== Excerpts from a dataset ==
########################################

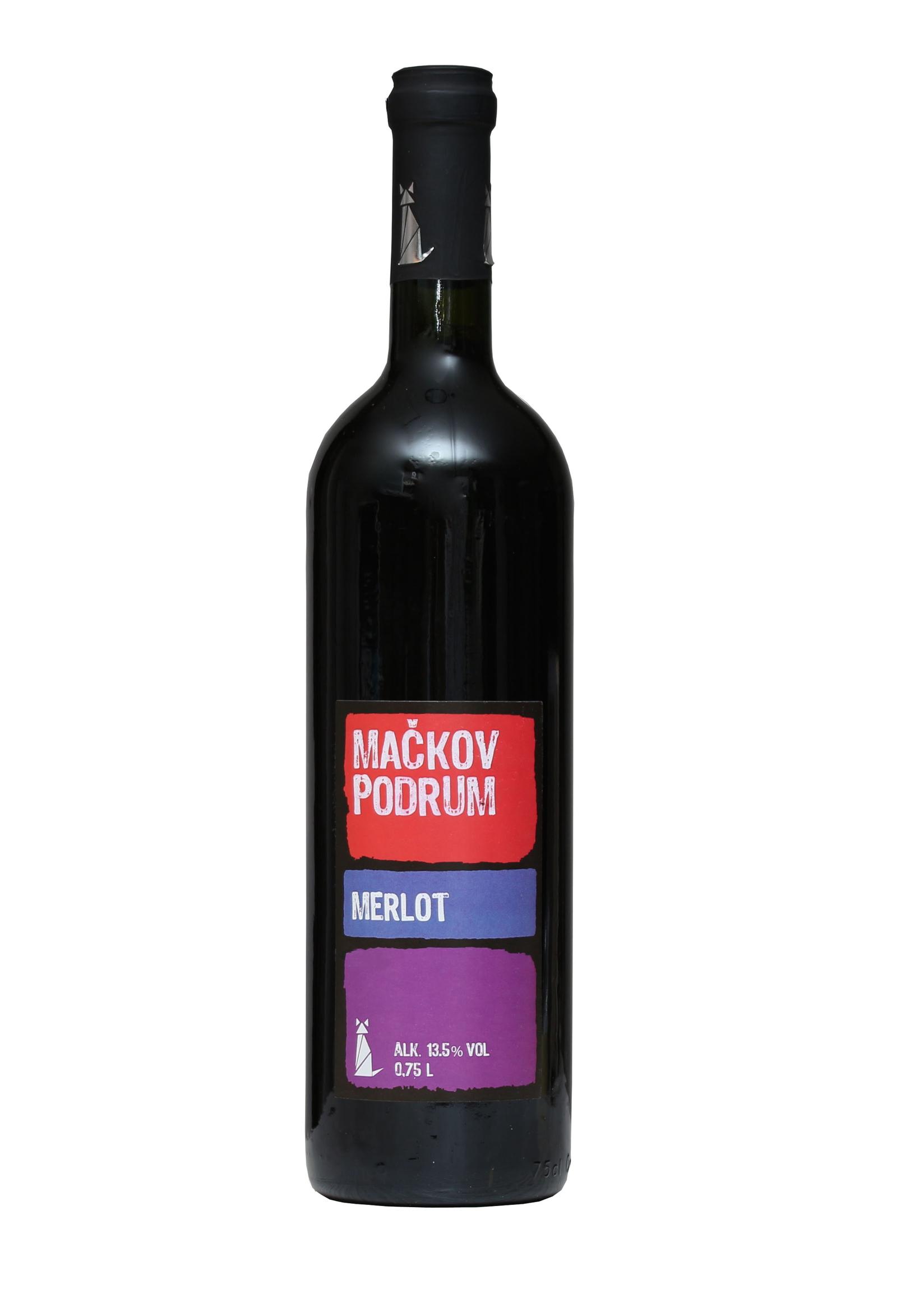 Selected image for MAČKOV PODRUM Merlot crveno vino 0.75l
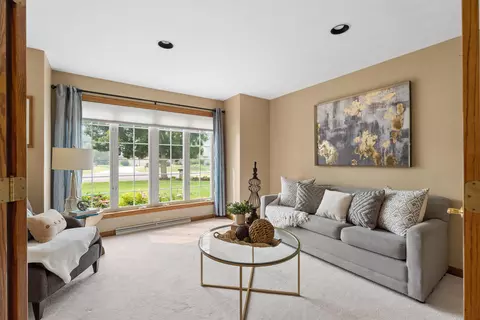 Living - w2880 Oakridge Drive, Appleton, WI 54915 photo 1 of 4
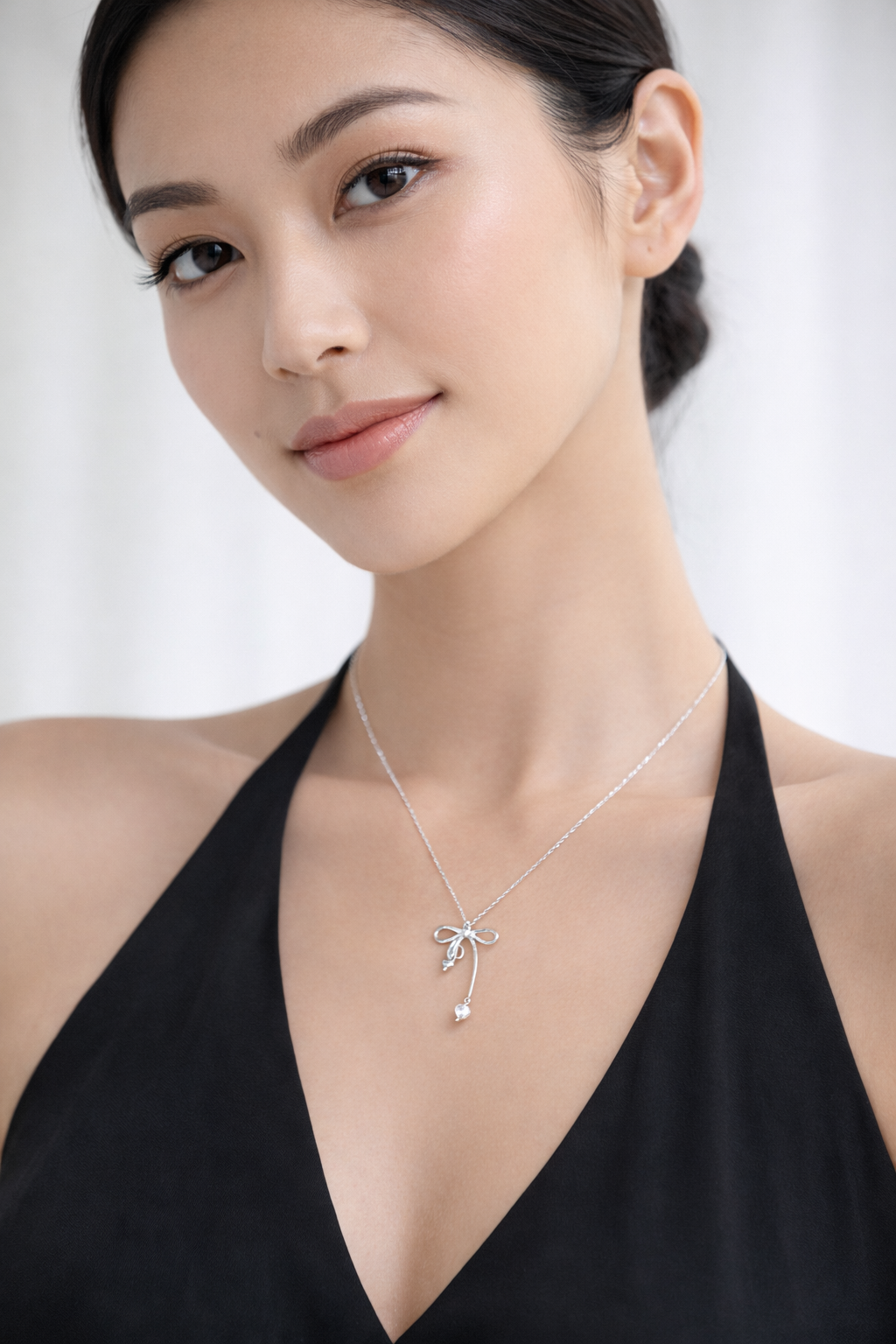 Amora Bowknot Necklace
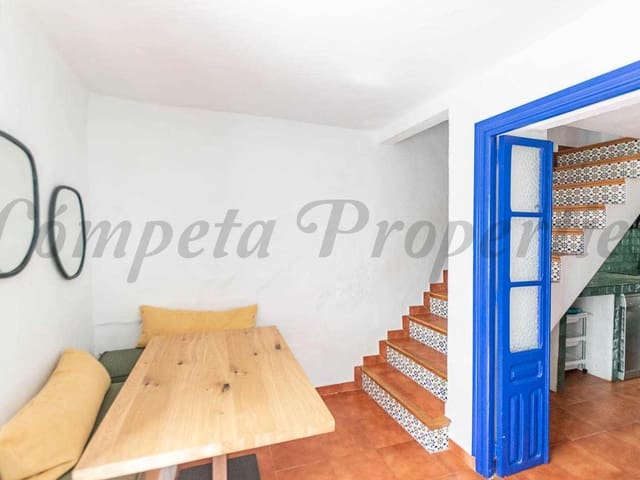 Image No.12-3 Bed Townhouse for sale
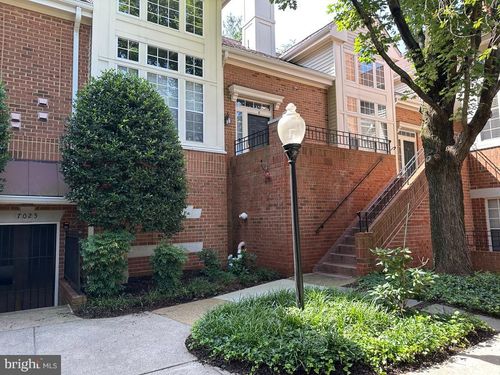 610-7025 Haycock Rd, FALLS CHURCH, VA, 22043-2313 | Card Image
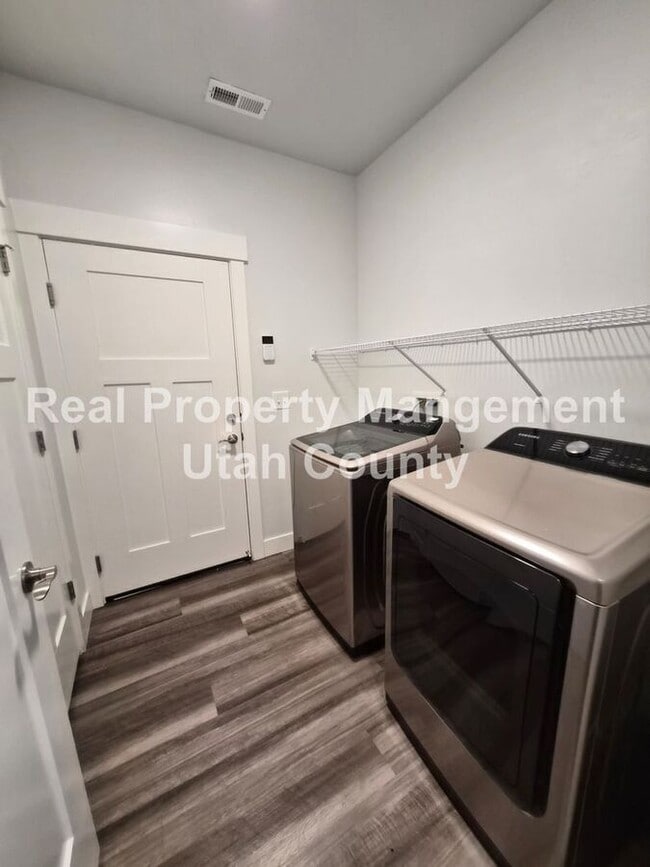 Building Photo - 3323 Hardman Way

########################################

== Exercise description ==
Set down, word for word, the line that holds "Image No.12-3 Bed Townhouse for sale" and all lines after it to the end of the entries above, but not the pictures.

== Completed exercise ==
 Image No.12-3 Bed Townhouse for sale
 610-7025 Haycock Rd, FALLS CHURCH, VA, 22043-2313 | Card Image
 Building Photo - 3323 Hardman Way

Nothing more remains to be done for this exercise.